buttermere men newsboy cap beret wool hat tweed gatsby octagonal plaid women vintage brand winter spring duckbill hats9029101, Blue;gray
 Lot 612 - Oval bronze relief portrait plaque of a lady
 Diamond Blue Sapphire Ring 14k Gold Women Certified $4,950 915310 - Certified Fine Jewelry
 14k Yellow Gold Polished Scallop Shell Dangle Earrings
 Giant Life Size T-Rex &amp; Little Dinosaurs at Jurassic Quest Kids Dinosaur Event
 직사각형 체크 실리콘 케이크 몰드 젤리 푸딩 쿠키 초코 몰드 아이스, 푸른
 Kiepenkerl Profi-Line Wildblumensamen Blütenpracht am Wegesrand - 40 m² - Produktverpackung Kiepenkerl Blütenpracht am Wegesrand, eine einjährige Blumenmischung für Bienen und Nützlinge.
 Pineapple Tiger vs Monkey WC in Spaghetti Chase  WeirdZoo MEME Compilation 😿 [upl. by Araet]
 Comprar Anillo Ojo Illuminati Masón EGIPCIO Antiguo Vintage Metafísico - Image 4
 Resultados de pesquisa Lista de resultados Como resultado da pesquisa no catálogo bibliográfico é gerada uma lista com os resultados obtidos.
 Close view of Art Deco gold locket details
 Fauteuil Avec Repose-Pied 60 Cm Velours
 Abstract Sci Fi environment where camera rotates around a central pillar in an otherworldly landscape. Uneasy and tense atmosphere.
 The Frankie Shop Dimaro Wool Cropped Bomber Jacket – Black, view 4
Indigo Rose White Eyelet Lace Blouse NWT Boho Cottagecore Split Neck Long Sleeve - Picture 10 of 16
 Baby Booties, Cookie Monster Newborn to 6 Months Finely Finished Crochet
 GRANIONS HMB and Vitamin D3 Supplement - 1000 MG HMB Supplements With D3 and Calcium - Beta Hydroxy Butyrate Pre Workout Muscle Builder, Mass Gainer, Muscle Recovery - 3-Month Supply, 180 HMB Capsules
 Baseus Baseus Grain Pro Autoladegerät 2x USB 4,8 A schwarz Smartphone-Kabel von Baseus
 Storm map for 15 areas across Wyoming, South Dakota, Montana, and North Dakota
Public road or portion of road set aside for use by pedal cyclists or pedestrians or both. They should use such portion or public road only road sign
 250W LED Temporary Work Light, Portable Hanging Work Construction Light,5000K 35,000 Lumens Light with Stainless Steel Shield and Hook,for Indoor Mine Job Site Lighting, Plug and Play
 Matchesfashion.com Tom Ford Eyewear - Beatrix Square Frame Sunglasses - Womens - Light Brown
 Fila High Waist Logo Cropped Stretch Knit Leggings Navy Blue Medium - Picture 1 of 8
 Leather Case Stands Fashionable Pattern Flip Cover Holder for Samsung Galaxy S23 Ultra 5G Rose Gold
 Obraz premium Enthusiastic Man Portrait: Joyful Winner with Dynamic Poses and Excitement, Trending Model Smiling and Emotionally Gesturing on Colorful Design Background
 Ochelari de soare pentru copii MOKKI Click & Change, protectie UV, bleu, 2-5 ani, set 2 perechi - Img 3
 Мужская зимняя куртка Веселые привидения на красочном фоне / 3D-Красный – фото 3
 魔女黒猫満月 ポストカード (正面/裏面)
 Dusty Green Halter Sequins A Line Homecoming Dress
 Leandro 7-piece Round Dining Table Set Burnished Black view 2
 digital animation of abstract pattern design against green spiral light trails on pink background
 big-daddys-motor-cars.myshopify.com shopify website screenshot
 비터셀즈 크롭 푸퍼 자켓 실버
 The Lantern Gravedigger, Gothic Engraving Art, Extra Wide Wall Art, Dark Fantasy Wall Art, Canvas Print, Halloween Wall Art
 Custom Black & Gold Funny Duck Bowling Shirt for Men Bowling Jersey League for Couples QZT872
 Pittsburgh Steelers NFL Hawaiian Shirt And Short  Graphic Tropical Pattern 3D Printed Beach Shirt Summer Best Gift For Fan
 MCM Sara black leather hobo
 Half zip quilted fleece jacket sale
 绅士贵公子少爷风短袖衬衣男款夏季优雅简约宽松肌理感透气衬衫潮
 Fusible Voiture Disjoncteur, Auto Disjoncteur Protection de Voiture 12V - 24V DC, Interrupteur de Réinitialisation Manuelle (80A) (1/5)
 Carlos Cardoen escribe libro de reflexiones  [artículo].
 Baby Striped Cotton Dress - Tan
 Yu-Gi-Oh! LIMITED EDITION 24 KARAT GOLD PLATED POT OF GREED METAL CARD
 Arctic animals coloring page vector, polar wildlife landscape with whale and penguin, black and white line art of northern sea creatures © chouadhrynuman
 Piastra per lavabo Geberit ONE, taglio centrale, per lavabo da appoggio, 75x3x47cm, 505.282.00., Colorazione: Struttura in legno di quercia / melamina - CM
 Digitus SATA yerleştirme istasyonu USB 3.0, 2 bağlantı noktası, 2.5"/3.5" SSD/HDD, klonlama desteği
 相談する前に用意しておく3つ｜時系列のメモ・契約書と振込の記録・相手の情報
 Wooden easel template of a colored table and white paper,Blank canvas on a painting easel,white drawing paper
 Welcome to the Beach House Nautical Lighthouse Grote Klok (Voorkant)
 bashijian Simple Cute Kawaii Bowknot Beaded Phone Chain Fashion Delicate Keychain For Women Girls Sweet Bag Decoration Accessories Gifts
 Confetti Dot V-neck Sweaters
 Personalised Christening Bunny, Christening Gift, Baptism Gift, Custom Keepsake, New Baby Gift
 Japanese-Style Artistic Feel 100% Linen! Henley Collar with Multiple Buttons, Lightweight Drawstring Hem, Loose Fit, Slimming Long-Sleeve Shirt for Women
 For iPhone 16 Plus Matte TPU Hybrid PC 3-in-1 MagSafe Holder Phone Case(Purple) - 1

Your assignment ▸
Above this task is a listing. Restate, word for word and with nothing added, the lines from the one with "Baseus Baseus Grain" through the one with "250W LED Temporary".

Finished exercise ▸
 Baseus Baseus Grain Pro Autoladegerät 2x USB 4,8 A schwarz Smartphone-Kabel von Baseus
 Storm map for 15 areas across Wyoming, South Dakota, Montana, and North Dakota
Public road or portion of road set aside for use by pedal cyclists or pedestrians or both. They should use such portion or public road only road sign
 250W LED Temporary Work Light, Portable Hanging Work Construction Light,5000K 35,000 Lumens Light with Stainless Steel Shield and Hook,for Indoor Mine Job Site Lighting, Plug and Play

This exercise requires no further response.